Storage is presented to all nodes of the cluster. In order to persist the storage for SQL Server, you will define a persistent volume claim. In doing this, you are separating storage from compute, which is one of the major benefits of this architecture. With this separation, you can scale both storage performance and capacity, independent of compute, which is a huge bonus.

Built-In High-Availability
The other major benefit is that this configuration automatically delivers high availability to the configuration -- the functional equivalent of a SQL Server failover cluster instance, without the idle hardware. Once you have defined your container as part of a service, in the event of failure, Kubernetes' service healing will spin up a new container. Since the storage is persisted, any transactions will be retained and crash recovery will be performed when the new container comes online and talks to the data files that are in the persisted volume.

In the configuration defined in books online, Microsoft references the SQL Server Docker image. Many Kubernetes users still use Docker repositories for their images. However, you may specify a specific cumulative update level. This allows DBAs to perform a rolling update by changing the patch level in the manifest and simply redeploying the manifest. The original container is then terminated and a new one spun up on the new release level, with a minimal amount of downtime.

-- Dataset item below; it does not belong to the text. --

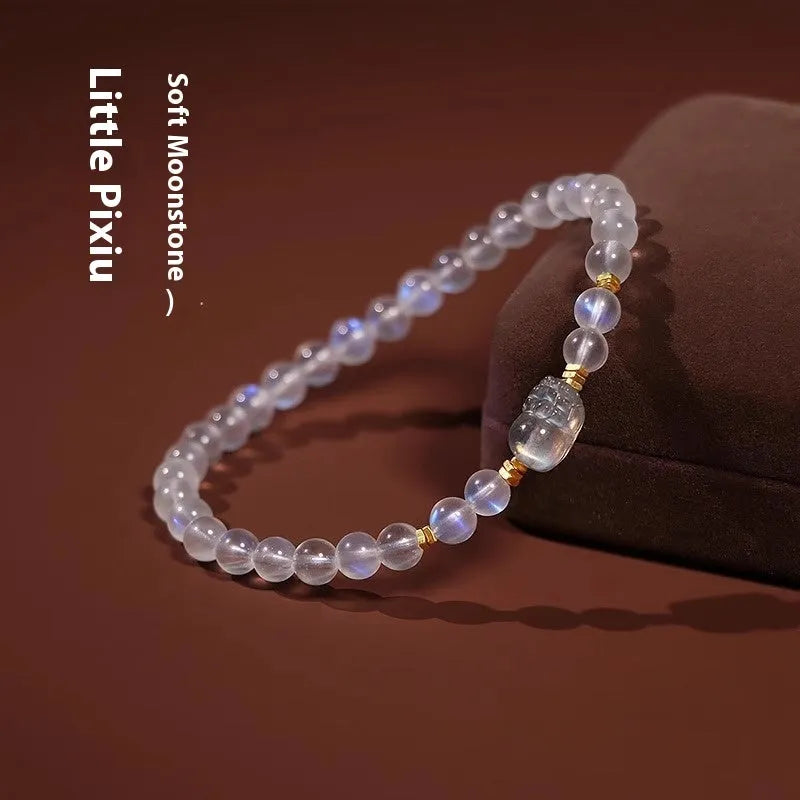 Polished moonstone bracelet with animal/Zodiac design on an adjustable cord for women.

The large-scale shift from physical machines happened over about a 10-year period; I don't foresee the movement to containers being that protracted. IT organizations have already accepted virtualization, so the switch is not nearly as big, it enables many automation scenarios, and the biggest factor is that it has the potential to reduce cloud costs by increasing densities. This will not be a major shift for database professionals, but they should get in front of the technology by having a good understanding of how it works with their platforms.